Die Geschichte der Ausgrenzung, Enteignung, Vertreibung und schließlich Vernichtung der europäischen Juden kennt viele wichtige Daten und Ereignisse: Boykotte jüdischer Geschäfte ab 1933, Berufsverbote, die diskriminierenden Nürnberger Rassegesetze 1935 oder Gewalttaten wie die Reichspogromnacht 1938. Sie betrafen zunächst die deutschen Juden, ab 1938 auch die Juden Österreichs und des Sudetenlandes. Mit Kriegsbeginn vergrößerte sich jedoch sprunghaft die Gruppe derer, die von der antisemitischen Politik der Nationalsozialisten betroffen war. Allein in Polen gerieten etwa 1,8 Millionen Juden unter deutsche Besatzung. Ab Herbst 1939 wurden dort hunderte Ghettos eingerichtet und bis Ende des Jahres fielen etwa 7000 polnische Juden deutscher Gewalt zum Opfer.

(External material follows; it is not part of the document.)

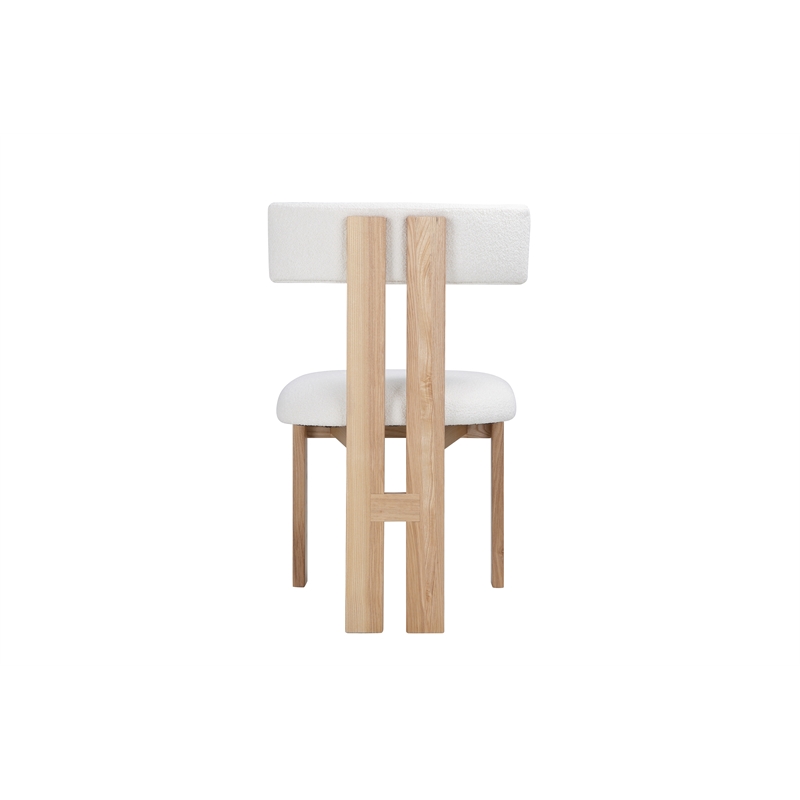 Pangea Home Modern Contemporary Teddy Chair Boucle White Fabric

Zu den wichtigen Daten zählt auch der 22. Juni 1941. Denn erst mit dem Überfall auf die Sowjetunion begann die massenhafte und systematische Ermordung der Juden Europas, aus Terror wurde Genozid. Besonders auf den Gebieten der heutigen Ukraine und Belarus sowie der heutigen baltischen Staaten sowie Moldaus und Rumäniens ermordeten mobile Tötungskommandos innerhalb weniger Wochen und Monate Hunderttausende Juden. Hinter den vorrückenden Truppen drangen sie auch auf das Gebiet des heutigen Russlands vor, wo sie ebenfalls zahlreiche Massenmorde an Juden begingen. Insgesamt fanden auf den von Deutschland besetzten Gebieten der Sowjetunion bis 1944 etwa 2,6 Millionen Juden den Tod.
Erst ab Ende 1941 bzw. im Laufe des Jahres 1942 wurden im besetzten Polen jene Vernichtungslager errichtet, in die schließlich Millionen Juden aus Polen und ganz Europa deportiert und ermordet wurden und die bis heute zu den zentralen Erinnerungsorten des Holocaust zählen.

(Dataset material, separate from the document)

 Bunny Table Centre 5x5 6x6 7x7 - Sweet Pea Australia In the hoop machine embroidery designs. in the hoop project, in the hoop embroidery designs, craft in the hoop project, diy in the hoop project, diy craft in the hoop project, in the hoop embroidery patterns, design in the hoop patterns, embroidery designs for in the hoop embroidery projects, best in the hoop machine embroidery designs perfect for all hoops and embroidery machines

Der russische Jurist und Publizist Lew Simkin hat unter anderem Monographien zu Friedrich Jeckeln, dem Vernichtungslager Sobibor und zur juristischen Aufarbeitung des Holocausts vorgelegt. In einem Kommentar für gazeta.ru geht er anhand der Aussagen der Täter der Frage nach, warum gerade der 22. Juni 1941 den Übergang zu unvorstellbaren Massakern an den Juden markiert.
An dem Tag, als die deutsche Armee und in deren Gefolge die Mörderbrigaden der Einsatzgruppen die sowjetische Grenze überschritten, begann das, was mit dem griechischen Wort Holocaust (dt. „vollkommen verbrannt“) bezeichnet wird. Bis zu diesem Tag waren die Juden in Europa zwar verfolgt, aus ihren Häusern verjagt und ihres Besitzes beraubt worden, aber sie wurden nicht umgebracht, zumindest nicht in diesen Dimensionen.
Die Phase des offenen Massenmordes begann in den besetzten Gebieten der Sowjetunion.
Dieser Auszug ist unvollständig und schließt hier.